On characteristic forms of positive vector bundles, mixed discriminants and pushforward identities

TL;DR

This paper proves positivity results for Schur polynomials in Chern forms of certain positive vector bundles, introduces new pushforward identities for characteristic forms, and explores limitations in characterizing positivity via Schur polynomials.

Contribution

It establishes differential-geometric positivity results for Schur polynomials, introduces refined pushforward identities, and analyzes the limitations of using Schur polynomials to characterize vector bundle positivity.

Findings

Schur polynomials in Chern forms of Nakano positive bundles are positive.

Schur polynomials in Griffiths positive bundles are weakly-positive under certain conditions.

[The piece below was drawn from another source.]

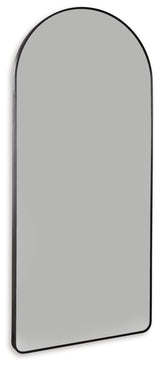 Sethall - Floor Mirror - Black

Positivity of Schur polynomials does not characterize Griffiths positivity over complex surfaces.

Abstract

We prove that Schur polynomials in Chern forms of Nakano and dual Nakano positive vector bundles are positive as differential forms. Moreover, modulo a statement about the positivity of a "double mixed discriminant" of linear operators on matrices, which preserve the cone of positive definite matrices, we establish that Schur polynomials in Chern forms of Griffiths positive vector bundles are weakly-positive as differential forms. This provides differential-geometric versions of Fulton-Lazarsfeld inequalities for ample vector bundles.An interpretation of positivity conditions for vector bundles through operator theory is in the core of our approach. Another important step in our proof is to establish a certain pushforward identity for characteristic forms, refining the determinantal formula of Kempf-Laksov for homolorphic vector bundles on the level of differential forms. In the same vein, we establish a local version of Jacobi-Trudi identity.Then we study the inverse problem and show that already for vector bundles over complex surfaces, one cannot characterize Griffiths positivity (and even ampleness) through the positivity of Schur polynomials, even if one takes into consideration all quotients of a vector bundle.